----- Dataset section

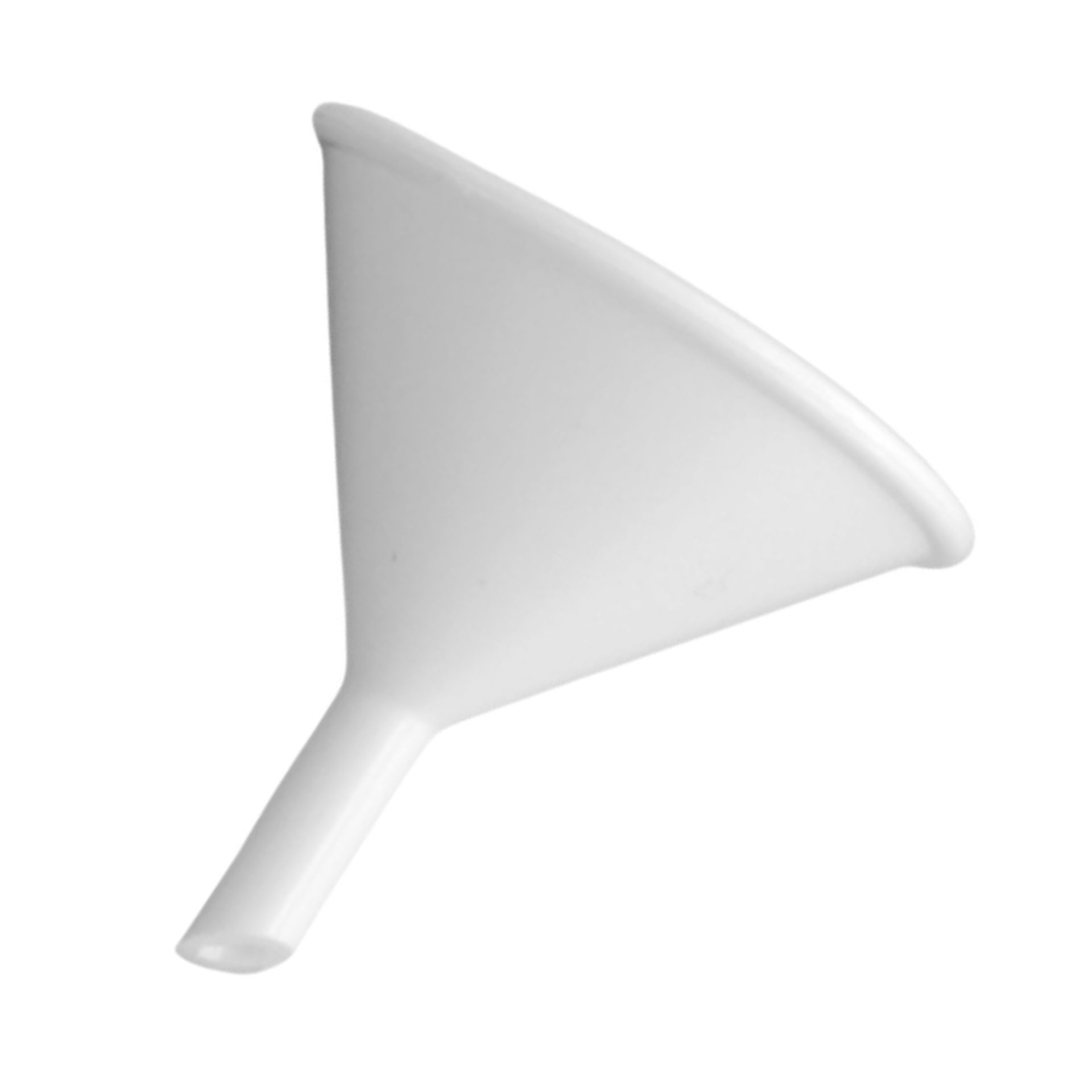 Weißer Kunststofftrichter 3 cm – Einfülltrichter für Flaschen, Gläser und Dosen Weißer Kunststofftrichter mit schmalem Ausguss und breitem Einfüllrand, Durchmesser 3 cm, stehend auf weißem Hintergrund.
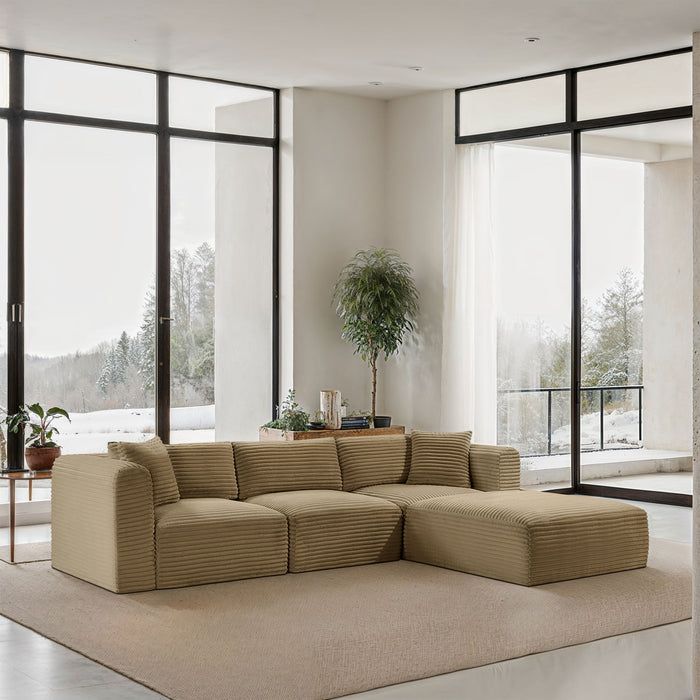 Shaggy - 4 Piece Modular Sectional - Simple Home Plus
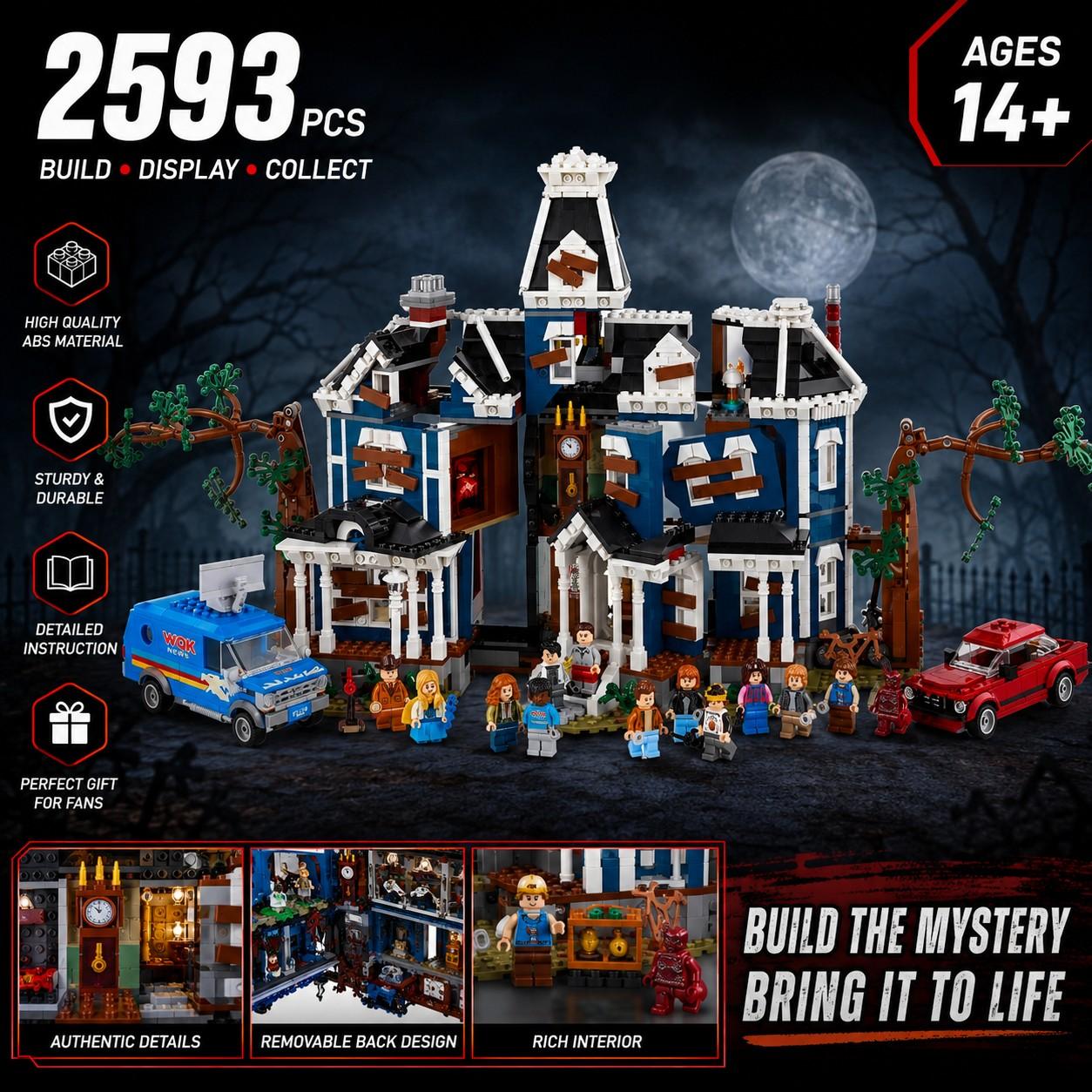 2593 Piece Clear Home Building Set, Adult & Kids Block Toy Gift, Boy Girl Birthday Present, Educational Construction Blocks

----------

**Your objective**
Transcribe all the lines above exactly; any image among them is skipped.

**Written reply**
 Weißer Kunststofftrichter 3 cm – Einfülltrichter für Flaschen, Gläser und Dosen Weißer Kunststofftrichter mit schmalem Ausguss und breitem Einfüllrand, Durchmesser 3 cm, stehend auf weißem Hintergrund.
 Shaggy - 4 Piece Modular Sectional - Simple Home Plus
 2593 Piece Clear Home Building Set, Adult & Kids Block Toy Gift, Boy Girl Birthday Present, Educational Construction Blocks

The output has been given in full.